High winds known as the “Santa Ana Winds” and abnormally dry conditions are the main factors behind the rapid spread of off-season wildfires burning in Southern California for the last several days. The areas affected are parts of the counties of Ventura, Santa Barbara, Los Angeles, and San Diego as well as parts of the City of Los Angeles. More than 200,000 people have evacuated from their homes. Some evacuation orders have been lifted while new ones have been imposed. Here are the Cal Fire total statistics for the four largest fires, all of which are still active as of Monday, December 11:
- 199,000 acres burned (311 square miles)
- 1,065 structures destroyed
- 268 structures damaged
- 1 civilian death (car accident from resident fleeing fire)
Most of the damage is part of the Thomas Fire, which is burning in Santa Barbara and Ventura Counties (173,000 acres, 754 structures destroyed, 162 damaged, 1 fatality). Although the structure damage is high, much of the fire is burning in wilderness areas where there are few, if any, structures. Fires of this magnitude at this time of the year are unusual anywhere in California. The fire season in Northern California, which experienced the worst fires ever recorded last October, ended at the beginning of November after the start of the rainy season. However, Southern California where the fires are now burning has been unseasonably dry.

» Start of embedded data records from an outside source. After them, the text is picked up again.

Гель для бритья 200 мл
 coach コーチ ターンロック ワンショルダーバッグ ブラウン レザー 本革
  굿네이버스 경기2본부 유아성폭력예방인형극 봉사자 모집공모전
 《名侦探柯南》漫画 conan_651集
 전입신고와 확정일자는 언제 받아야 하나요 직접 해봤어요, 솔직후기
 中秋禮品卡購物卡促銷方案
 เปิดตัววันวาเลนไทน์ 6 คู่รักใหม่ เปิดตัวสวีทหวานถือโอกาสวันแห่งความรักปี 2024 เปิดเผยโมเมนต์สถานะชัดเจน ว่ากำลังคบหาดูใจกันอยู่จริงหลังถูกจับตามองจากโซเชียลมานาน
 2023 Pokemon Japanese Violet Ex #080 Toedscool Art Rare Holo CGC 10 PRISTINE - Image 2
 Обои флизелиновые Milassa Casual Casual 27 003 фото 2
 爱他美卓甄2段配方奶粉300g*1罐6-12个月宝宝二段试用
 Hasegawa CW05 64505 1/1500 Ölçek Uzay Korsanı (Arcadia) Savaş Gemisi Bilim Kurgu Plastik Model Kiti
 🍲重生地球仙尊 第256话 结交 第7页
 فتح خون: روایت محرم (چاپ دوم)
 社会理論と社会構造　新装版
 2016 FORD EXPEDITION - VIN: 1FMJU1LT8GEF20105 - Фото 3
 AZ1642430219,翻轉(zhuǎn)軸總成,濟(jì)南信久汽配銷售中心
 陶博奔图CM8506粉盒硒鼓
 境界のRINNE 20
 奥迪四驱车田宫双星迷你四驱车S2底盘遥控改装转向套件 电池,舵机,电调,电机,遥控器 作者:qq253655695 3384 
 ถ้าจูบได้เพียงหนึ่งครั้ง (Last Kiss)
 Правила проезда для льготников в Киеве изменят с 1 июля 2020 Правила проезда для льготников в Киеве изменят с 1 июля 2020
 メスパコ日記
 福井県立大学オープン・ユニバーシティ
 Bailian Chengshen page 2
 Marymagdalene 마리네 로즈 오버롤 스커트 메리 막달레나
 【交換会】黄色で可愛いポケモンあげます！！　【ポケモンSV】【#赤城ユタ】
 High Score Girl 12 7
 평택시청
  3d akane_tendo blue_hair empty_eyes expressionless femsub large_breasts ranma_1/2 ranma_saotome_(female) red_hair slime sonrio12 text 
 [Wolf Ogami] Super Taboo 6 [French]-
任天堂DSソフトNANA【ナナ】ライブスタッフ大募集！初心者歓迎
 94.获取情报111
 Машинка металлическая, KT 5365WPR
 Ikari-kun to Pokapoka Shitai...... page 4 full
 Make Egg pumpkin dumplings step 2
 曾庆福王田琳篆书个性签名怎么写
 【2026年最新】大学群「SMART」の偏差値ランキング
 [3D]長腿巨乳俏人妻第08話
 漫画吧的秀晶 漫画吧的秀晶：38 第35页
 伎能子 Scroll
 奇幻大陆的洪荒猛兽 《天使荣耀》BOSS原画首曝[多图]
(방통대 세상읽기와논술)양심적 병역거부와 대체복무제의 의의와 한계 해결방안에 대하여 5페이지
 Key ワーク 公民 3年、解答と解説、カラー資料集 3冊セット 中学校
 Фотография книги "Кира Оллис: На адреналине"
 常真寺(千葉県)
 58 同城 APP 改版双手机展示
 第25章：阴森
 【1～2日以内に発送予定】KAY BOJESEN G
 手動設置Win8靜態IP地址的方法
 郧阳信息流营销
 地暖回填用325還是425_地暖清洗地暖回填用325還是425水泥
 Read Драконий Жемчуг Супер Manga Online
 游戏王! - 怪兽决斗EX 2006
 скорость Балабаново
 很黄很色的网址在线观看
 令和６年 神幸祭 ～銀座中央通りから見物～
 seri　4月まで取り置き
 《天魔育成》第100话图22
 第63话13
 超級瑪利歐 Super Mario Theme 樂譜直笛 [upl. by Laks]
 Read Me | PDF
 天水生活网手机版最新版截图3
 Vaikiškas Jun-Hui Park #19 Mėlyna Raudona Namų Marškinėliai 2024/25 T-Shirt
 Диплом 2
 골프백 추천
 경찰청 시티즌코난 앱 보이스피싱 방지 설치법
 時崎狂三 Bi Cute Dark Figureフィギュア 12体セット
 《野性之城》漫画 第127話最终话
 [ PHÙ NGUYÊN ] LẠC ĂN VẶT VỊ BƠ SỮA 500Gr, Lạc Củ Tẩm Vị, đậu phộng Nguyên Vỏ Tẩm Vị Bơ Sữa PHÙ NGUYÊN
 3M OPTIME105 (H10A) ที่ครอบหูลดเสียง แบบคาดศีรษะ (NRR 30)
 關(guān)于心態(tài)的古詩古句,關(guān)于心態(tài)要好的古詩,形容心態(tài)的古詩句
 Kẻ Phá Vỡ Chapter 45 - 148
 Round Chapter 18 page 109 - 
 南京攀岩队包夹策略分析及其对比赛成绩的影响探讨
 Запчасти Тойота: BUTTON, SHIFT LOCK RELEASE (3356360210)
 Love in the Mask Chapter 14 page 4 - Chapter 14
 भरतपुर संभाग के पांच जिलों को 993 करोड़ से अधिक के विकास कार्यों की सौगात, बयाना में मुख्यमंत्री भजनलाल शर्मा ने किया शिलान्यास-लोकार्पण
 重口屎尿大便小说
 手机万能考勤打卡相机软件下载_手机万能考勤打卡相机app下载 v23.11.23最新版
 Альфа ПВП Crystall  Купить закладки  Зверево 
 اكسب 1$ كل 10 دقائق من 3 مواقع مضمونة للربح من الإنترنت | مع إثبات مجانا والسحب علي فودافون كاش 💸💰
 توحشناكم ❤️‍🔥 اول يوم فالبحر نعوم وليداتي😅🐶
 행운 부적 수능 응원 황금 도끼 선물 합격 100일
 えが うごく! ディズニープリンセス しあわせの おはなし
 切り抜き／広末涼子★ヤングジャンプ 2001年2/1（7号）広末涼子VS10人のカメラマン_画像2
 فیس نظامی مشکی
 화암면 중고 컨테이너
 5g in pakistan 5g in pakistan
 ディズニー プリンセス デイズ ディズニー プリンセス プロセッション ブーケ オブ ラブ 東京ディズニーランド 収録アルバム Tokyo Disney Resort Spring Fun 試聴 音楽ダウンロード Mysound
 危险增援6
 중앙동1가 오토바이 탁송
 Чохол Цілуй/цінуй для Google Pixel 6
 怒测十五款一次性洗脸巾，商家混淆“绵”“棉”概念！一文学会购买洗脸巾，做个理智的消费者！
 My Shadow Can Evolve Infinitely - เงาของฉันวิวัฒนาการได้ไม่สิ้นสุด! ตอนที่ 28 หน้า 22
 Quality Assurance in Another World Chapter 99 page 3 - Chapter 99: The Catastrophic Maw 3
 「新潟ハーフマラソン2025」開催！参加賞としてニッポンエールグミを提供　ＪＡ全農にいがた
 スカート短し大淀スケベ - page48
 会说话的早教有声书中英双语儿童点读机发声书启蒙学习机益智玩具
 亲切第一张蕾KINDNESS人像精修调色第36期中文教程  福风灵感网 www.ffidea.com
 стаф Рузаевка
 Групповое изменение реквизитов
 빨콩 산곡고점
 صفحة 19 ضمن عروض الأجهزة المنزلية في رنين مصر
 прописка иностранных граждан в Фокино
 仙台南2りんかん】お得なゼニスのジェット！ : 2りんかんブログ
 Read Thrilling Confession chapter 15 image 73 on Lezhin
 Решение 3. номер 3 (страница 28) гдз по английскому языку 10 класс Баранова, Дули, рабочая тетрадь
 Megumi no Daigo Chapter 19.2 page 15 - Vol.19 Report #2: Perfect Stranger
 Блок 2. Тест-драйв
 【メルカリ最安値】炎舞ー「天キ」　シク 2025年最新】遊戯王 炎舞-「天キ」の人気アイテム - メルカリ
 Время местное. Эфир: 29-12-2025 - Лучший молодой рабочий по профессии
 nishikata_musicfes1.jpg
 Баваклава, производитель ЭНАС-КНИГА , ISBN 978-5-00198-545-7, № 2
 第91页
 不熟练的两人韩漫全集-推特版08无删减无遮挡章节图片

The Thomas Fire by itself now ranks as the 11th most destructive wildfire in terms of structures destroyed in California history, with 754 structures destroyed. By comparison however, the Tubbs Fire in Sonoma County in October 2017 destroyed 5,643 structures, almost eight times as many as the Thomas Fire. Several other serious fires in the Sonoma/Napa area at the same time in October drove the structure count to almost 9,000 and killed 43 civilians. Local officials were overwhelmed and requested help with damage assessment through the CA Office of Emergency Services.
As bad as the current Southern California fires are, local officials should be able to handle the damage assessment unless things take a turn for the worse. Mike Stone, NEMA’s West Coast Field Representative, will continue to monitor the situation and respond to any Cal OES callouts as he did during the Sonoma/Napa fires. He will also ensure that Southern California officials have copies of the NEMA Guide to Evaluating Fire and Head Damaged Equipment, which are also available in Spanish.